IBM announced the expansion of its roadmap for achieving large-scale, practical quantum computing.
This roadmap details new modular architectures and networking plans that will allow IBM quantum systems to have larger qubit counts, up to hundreds of thousands of qubits. To enable them with the speed and quality necessary for practical quantum computing, IBM plans to continue building an increasingly intelligent software orchestration layer to distribute workloads and abstract away infrastructure challenges efficiently.

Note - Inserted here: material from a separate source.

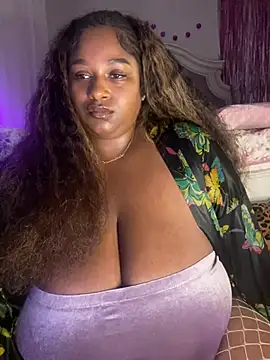 BigFineSelena online show from May 31, 2026, 9:27 am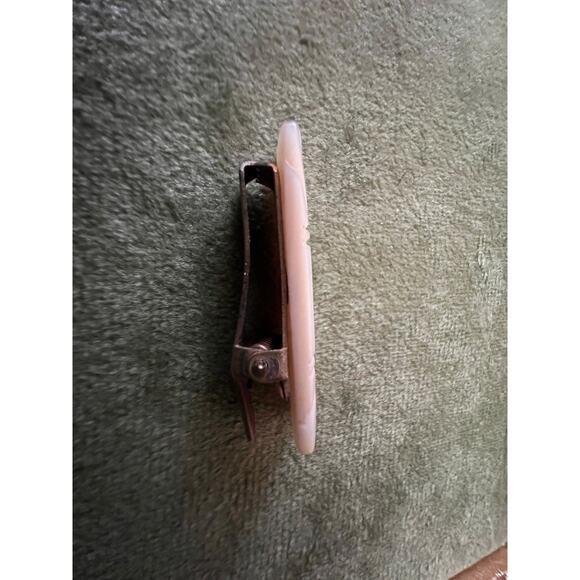 1930s Vintage Lucite Garment Clamp – Carved Deco Lingerie Accessory – 2.5” Clip - Picture 2 of 8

“In just two years, our team has made incredible progress on our existing quantum roadmap. Executing on our vision has given us clear visibility into the future of quantum and what it will take to get us to the practical quantum computing era. With our Qiskit Runtime platform and the advances in hardware, software, and theory goals outlined in our roadmap, we intend to usher in an era of quantum-centric supercomputers that will open up large and powerful computational spaces for our developer community, partners and clients,” said Darío Gil, Senior Vice President, Director of Research, IBM.
In 2023, IBM will progress toward building a frictionless development experience with Qiskit Runtime and workflows constructed right in the cloud to bring a serverless approach into the core quantum software stack and give developers advanced simplicity and flexibility. This serverless approach will also be critical in achieving the intelligent and efficient distribution of problems across quantum and classical systems. On the hardware front, IBM intends to introduce IBM Condor, the world’s first universal quantum processor with over 1,000 qubits.
Quantum Serverless will lay the groundwork for core functionality within IBM’s software stack to intelligently trade-off and switch between elastic classical and quantum resources, forming the fabric of quantum-centric supercomputing. The new systems targeted on IBM’s expanded quantum roadmap will be designed to work within IBM Quantum System Two. Integrating modularity and flexibility into every layer of the technology stack, IBM Quantum System Two will offer the infrastructure needed to link together multiple quantum processors successfully. A prototype of this system is targeted to be up and running in 2023.